Обстрел Кремля, гибель сокровищ Патриаршей ризницы, захват и разграбление особняков… «Один за другим появлялись над московскими особняками черные флаги анархистских групп и группок, образуя, как на Кузнецкой улице, когда-то плутократической, целую «черную аллею», своеобразно живописную своей мрачной гаммой», — писал автор журнала, явно видевший это своими глазами. Захвачен был и особняк А. В. Морозова, с его знаменитым собранием икон, великолепным музеем фарфора, коллекцией гравированных портретов, ценнейшими изделиями из серебра… Когда власть решила отнять награбленное у грабителей, то сделала это в революционном стиле, с помощью пулеметов. В результате такого «спасения» погибло множество ценнейших предметов искусства.
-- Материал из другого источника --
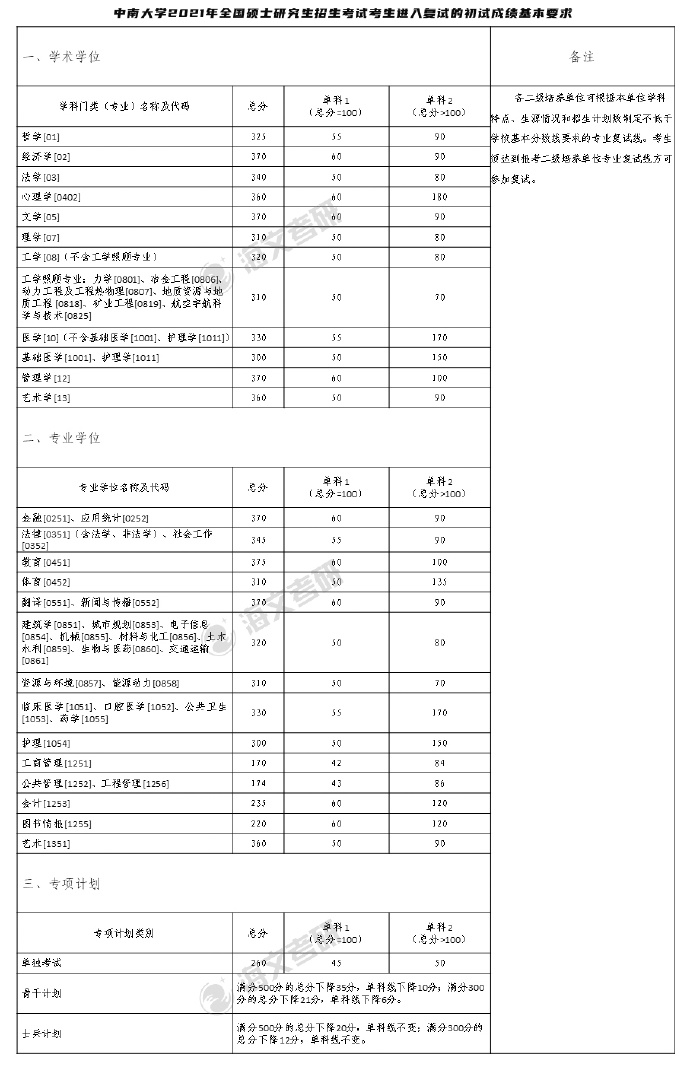2021考研中南大學各專業(yè)復試分數(shù)線匯總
И вот на таком отчаянном фоне, что особенно обескураживает, идет бодрая подковерная борьба за самые шкурные свои интересы совсем недавно, историческое мгновение назад, вполне интеллигентных людей…
Станиславский не проявляет в эти для него трагические дни ни растерянности, ни отчаяния. Поражает спокойное достоинство, с которым он переносит изменение своего социального статуса, потерю нажитого поколениями Алексеевых имущества, хаос и разорение всюду, куда ни бросишь взгляд. Когда все еще только началось, он сообщил: «Меня пощипали. Пощиплют еще». Так и случилось. «Я стал пролетарием», — лаконично подведет он итог. Впрочем, внутренне он к этому был готов. Еще задолго до реальных событий К. С. просматривал их в воображении. Потеря имущества в будущем предполагалась им издавна, как нечто вполне вероятное — от сумы, мол, не зарекайся. «Буду играть» — так рисовался ему выход из пока еще гипотетической, но уже обдумываемой в относительно спокойные времена ситуации. И все-таки как он мог сохранить внутреннее равновесие и социальную дееспособность в условиях происходящей на его глазах культурной катастрофы?
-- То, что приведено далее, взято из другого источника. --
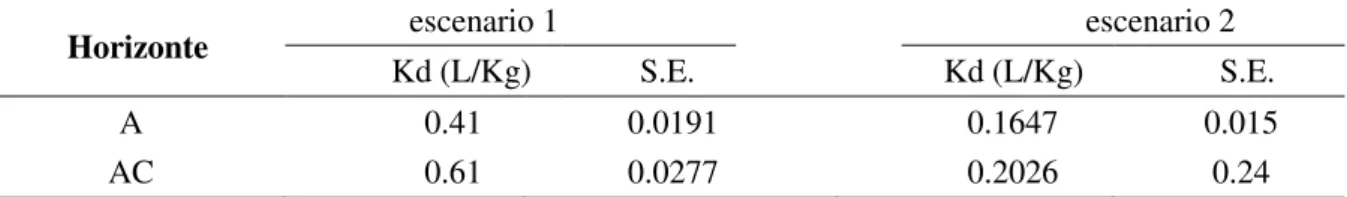 Tabla 3. Valores obtenidos de la modelación inversa del escenario 1 y 2.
Впрочем, и тут он, пожалуй, не был застигнут врасплох. Его письма — начиная с середины 1910-х годов — были полны мрачных предчувствий. Он уже давно наблюдает, как грубеют, озлобляются люди. Как всюду — и в демократической Европе, и в самодержавной России — концентрируется психологическое напряжение. Вот в 1908 году К. С. описывает безобразную сцену на германской границе, когда грубые таможенные чины прямо на грязную платформу вытряхивают содержимое чемоданов. Женское белье, одежду. «И это в конституционной стране!» — мрачно удивляется он. Однако, вернувшись в Россию, он удивляется и мрачнеет еще серьезнее. «Возвращался домой пешком около 11 часов. За всю дорогу встретил четверых трезвых, остальное все пьяно. Фонари не горят, мостовые взрыты. Вонь. И так мне стало страшно и грустно за Россию», — пишет он Лилиной. И в следующем же письме: «После репетиции прошелся пешком в парк и обратно. Грязь. Мерзость. Дикость Москвы еще больше усилили тоску по порядку и дисциплине. Мне показалось, что мы погибнем в распущенности». И в другом месте: «В России нельзя жить без пистолета».
Будущее виделось ему в отнюдь не лучезарных картинах. Он не славянофил и не западник. У него нет иной идеи фикс, связанной с понятием «народ», кроме идеи культурного и нравственного его просвещения. Да и само это слово, неотделимое от русской культуры, искусства, политики, религии в XIX веке, К. С. употребляет достаточно редко. В основном на репетициях, как термин рабочий: «народные сцены». Будто «народ» для него — это образ чисто художественный, и чаще всего — отодвинутый в прошлое. Про Жизнь же он говорит: «бедный класс», «неимущие», «солдаты», «крестьяне», «рабочие». Есть у него и понятие «русский человек», но понятие это двойственное, совершенно лишенное пафоса. «Русский человек» видится им без идеализации, скорее наоборот, он чаще употребляет такое словосочетание, когда хочет подчеркнуть не лучшие наши черты.